++++ Excerpted data

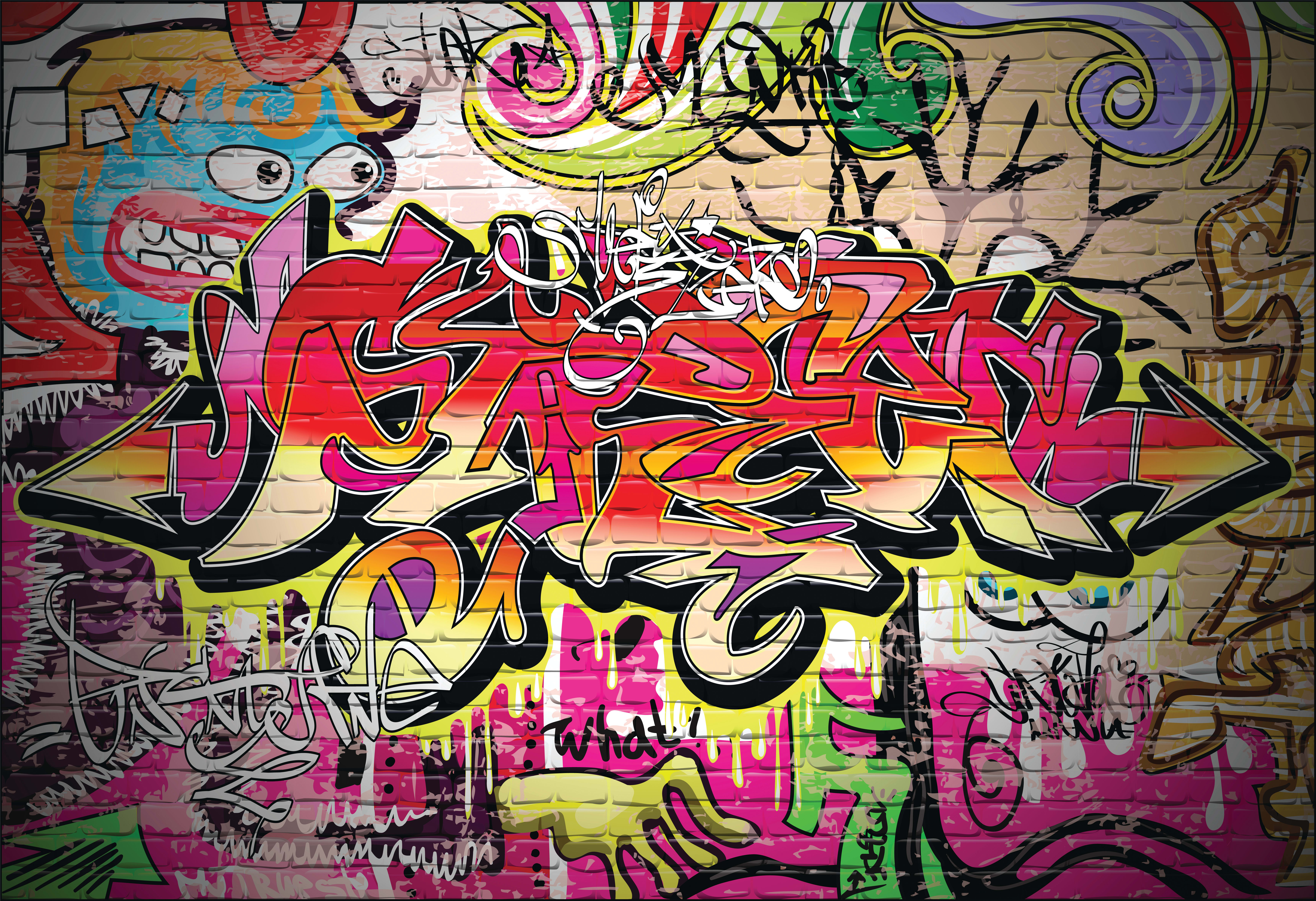 Origin Murals City Graffiti Multi Wall Mural -
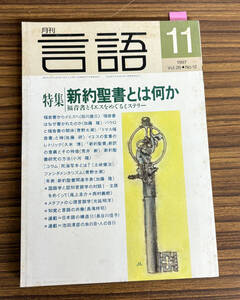 月刊言語　特集新約聖書とは何か　1997年11月号 C180-286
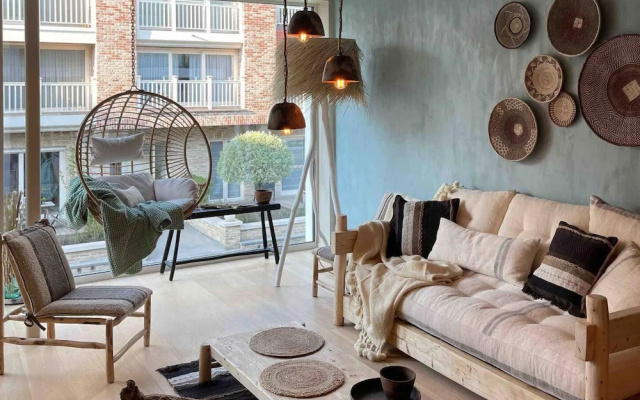 La Petite For t Bohemian Apartment in Knokke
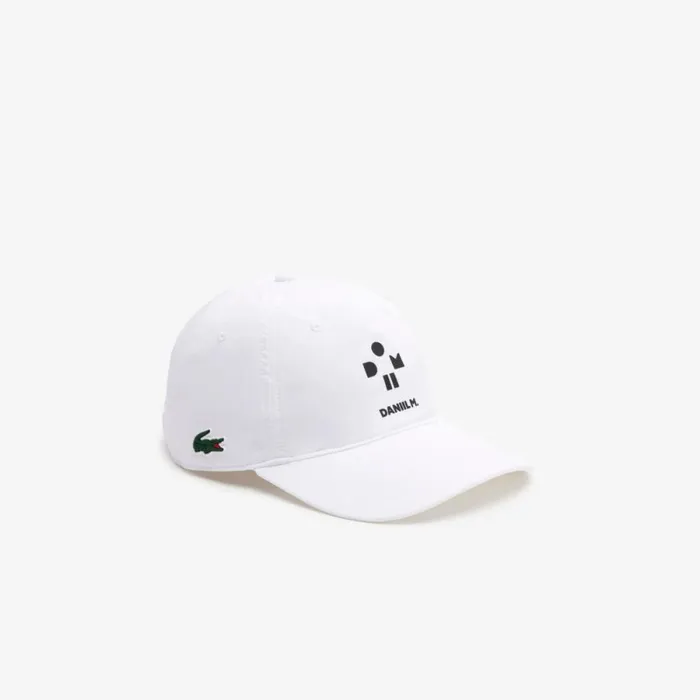 Caps and Hats MenWomen Lacoste Unisex Lacoste Tennis X Daniil Medvedev Cap White 800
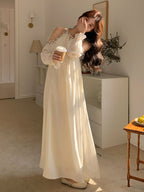 Shoulder Cut Chiffon Dress QAZ0059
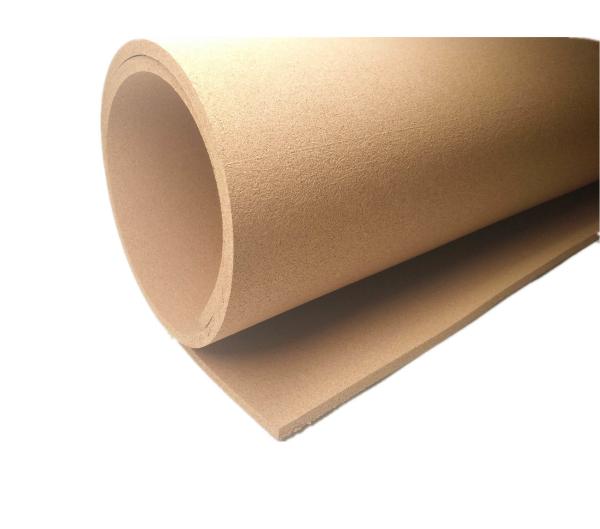 Quality 50'X48''X1/4'' Cork Sheet Rolls Natural Cork Roll Wall Covering Tearproof Antiwear for sale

++++++++

Every line from the one with "La Petite For t Bohemian Apartment in Knokke" through the last line of the data must be copied exactly. Leave the pictures out.

### Problem solution
 La Petite For t Bohemian Apartment in Knokke
 Caps and Hats MenWomen Lacoste Unisex Lacoste Tennis X Daniil Medvedev Cap White 800
 Shoulder Cut Chiffon Dress QAZ0059
 Quality 50'X48''X1/4'' Cork Sheet Rolls Natural Cork Roll Wall Covering Tearproof Antiwear for sale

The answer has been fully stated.